Break out your walking shoes NYC, it is time for the biggest (and in my opinion) best party of the year, Museum Mile. Head up to 5th avenue and 82nd street for free admission to nine museums, including the Metropolitian Museum of Art. In honor of this summer ritual we have excerpted a piece about the MET from Grove Art Online, written by Eric Myles Zafran. Get some history on this NYC landmark before you hit the jam-packed subways.

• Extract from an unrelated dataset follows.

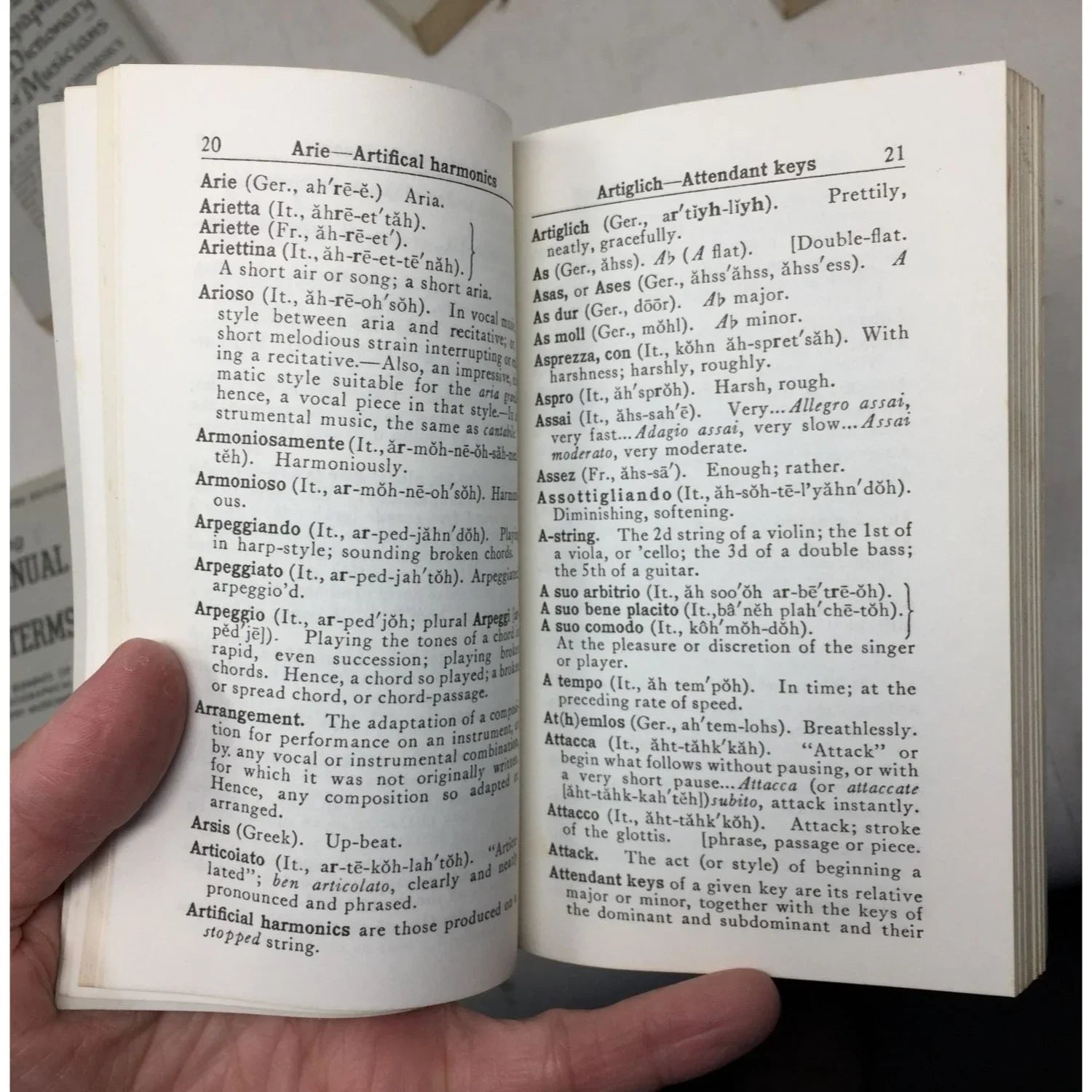 Newly Revised and Augmented Edition Pronouncing Pocket Manual of Musical Terms - A+ Stuff - Books - A+ Stuff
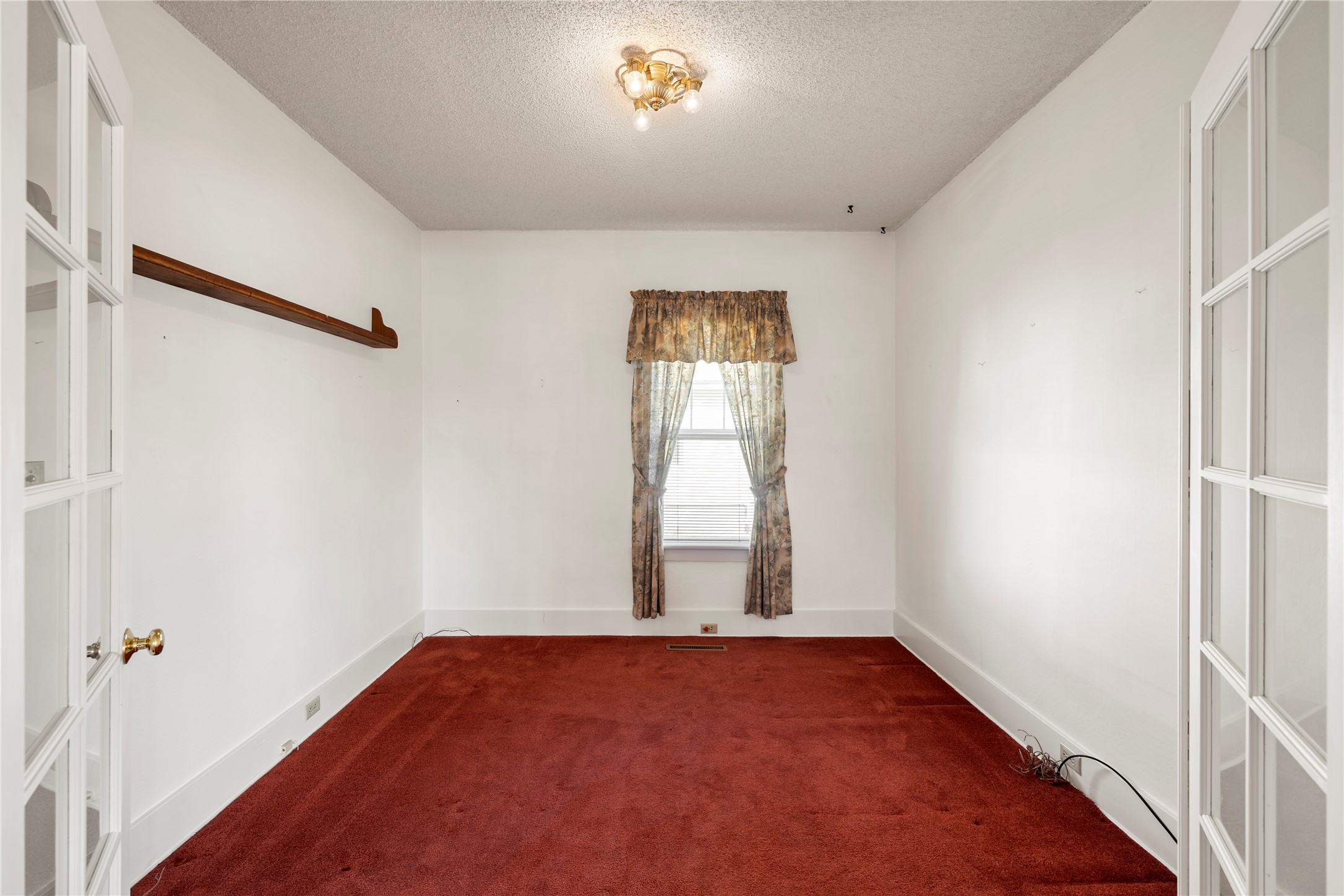 744 2nd Avenue W Property Photo 12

The Metropolitan Museum was founded in 1870 and had several temporary locations before the building at 82nd Street between Central Park and Fifth Avenue designed by Calvert Vaux was opened in 1880. Many additions have been made over the years with the major ones designed by McKim, Mead, and White in 1909 and later ones planned by Roche, Dinkeloo, and Associates to house the American wing and Sackler galleries. The Greek and Roman Department was one of the earliest owing to the purchase of a trove of ancient sculptures in 1873 from the collection of Luigi Palma di Cesnola, the American consul in Cyprus, who also became the first director of the museum. Today the collection ranges from Cycladic statuettes (Seated Harp-Player), through the Archaic period (standing kouros), to the Hellenistic period (Old Market Woman). Greek vases include the Euphronius Crater. The Etruscan collection includes a bronze chariot of the late 6th century bc. Ancient Roman art is represented by numerous marble portraits and sarcophagi, and fresco paintings from Boscoreale, near Pompeii.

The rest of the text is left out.